## Data items
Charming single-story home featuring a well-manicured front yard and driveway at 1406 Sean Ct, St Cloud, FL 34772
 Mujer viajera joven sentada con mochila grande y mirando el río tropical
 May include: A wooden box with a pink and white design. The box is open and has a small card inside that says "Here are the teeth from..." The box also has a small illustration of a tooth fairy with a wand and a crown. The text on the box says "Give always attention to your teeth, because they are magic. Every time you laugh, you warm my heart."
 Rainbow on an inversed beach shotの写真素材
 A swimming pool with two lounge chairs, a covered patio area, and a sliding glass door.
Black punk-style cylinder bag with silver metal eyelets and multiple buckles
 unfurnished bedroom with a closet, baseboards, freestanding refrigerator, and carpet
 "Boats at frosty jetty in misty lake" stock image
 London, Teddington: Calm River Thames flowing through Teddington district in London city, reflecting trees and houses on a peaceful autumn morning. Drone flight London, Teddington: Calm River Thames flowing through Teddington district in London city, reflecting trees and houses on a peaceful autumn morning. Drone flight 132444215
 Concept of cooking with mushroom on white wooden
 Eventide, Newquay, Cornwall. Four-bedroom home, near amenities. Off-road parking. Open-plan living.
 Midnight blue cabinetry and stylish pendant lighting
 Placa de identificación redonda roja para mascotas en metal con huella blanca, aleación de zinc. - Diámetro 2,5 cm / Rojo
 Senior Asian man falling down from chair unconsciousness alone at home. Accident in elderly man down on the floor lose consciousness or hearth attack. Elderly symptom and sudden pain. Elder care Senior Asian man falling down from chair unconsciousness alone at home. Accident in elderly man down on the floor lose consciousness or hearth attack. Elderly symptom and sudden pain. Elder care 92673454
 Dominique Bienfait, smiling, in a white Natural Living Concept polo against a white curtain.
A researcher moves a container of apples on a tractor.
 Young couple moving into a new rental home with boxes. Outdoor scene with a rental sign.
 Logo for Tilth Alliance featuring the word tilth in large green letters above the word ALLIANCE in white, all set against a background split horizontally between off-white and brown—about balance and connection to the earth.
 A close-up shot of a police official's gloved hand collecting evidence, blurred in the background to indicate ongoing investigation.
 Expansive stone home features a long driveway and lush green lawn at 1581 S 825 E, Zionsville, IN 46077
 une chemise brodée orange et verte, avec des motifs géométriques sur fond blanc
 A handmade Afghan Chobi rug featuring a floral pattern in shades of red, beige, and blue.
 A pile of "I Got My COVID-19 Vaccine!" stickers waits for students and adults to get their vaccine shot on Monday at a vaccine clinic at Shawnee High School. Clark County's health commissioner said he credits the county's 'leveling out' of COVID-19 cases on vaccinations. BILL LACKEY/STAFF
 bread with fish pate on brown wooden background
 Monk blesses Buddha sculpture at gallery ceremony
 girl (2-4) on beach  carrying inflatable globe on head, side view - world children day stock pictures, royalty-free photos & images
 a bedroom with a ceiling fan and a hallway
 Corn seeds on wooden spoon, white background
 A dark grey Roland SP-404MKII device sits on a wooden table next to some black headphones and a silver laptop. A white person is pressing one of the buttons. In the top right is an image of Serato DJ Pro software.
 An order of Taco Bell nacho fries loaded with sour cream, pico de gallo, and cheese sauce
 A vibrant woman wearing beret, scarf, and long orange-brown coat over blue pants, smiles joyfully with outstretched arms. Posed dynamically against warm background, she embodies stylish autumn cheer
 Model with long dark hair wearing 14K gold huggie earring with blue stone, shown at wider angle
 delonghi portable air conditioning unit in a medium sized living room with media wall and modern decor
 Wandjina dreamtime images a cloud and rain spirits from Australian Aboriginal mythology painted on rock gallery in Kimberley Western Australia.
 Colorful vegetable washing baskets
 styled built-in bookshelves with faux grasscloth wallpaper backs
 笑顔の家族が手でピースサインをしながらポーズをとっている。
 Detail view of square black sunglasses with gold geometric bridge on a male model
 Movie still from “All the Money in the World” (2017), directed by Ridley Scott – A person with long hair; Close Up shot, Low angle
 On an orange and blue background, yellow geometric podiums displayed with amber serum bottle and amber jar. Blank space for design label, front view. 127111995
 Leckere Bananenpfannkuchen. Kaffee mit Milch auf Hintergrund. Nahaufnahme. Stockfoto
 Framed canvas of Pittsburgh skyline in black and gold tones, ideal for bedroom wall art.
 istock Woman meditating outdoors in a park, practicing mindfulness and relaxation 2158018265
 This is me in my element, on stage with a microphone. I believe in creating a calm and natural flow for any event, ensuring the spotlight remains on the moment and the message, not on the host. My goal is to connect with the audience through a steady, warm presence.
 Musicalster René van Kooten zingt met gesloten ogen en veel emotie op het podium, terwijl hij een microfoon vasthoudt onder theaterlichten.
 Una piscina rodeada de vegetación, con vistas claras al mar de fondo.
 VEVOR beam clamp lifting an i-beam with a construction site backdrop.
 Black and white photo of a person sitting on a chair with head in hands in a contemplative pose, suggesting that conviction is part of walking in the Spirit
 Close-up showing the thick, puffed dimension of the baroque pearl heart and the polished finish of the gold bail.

## Task objective
Set down, from the entries above, exactly the lines from the one with "Elder care 92673454" up to and including the one with "Corn seeds on wooden spoon, white background", and no other lines.

## Task answer
 Senior Asian man falling down from chair unconsciousness alone at home. Accident in elderly man down on the floor lose consciousness or hearth attack. Elderly symptom and sudden pain. Elder care Senior Asian man falling down from chair unconsciousness alone at home. Accident in elderly man down on the floor lose consciousness or hearth attack. Elderly symptom and sudden pain. Elder care 92673454
 Dominique Bienfait, smiling, in a white Natural Living Concept polo against a white curtain.
A researcher moves a container of apples on a tractor.
 Young couple moving into a new rental home with boxes. Outdoor scene with a rental sign.
 Logo for Tilth Alliance featuring the word tilth in large green letters above the word ALLIANCE in white, all set against a background split horizontally between off-white and brown—about balance and connection to the earth.
 A close-up shot of a police official's gloved hand collecting evidence, blurred in the background to indicate ongoing investigation.
 Expansive stone home features a long driveway and lush green lawn at 1581 S 825 E, Zionsville, IN 46077
 une chemise brodée orange et verte, avec des motifs géométriques sur fond blanc
 A handmade Afghan Chobi rug featuring a floral pattern in shades of red, beige, and blue.
 A pile of "I Got My COVID-19 Vaccine!" stickers waits for students and adults to get their vaccine shot on Monday at a vaccine clinic at Shawnee High School. Clark County's health commissioner said he credits the county's 'leveling out' of COVID-19 cases on vaccinations. BILL LACKEY/STAFF
 bread with fish pate on brown wooden background
 Monk blesses Buddha sculpture at gallery ceremony
 girl (2-4) on beach  carrying inflatable globe on head, side view - world children day stock pictures, royalty-free photos & images
 a bedroom with a ceiling fan and a hallway
 Corn seeds on wooden spoon, white background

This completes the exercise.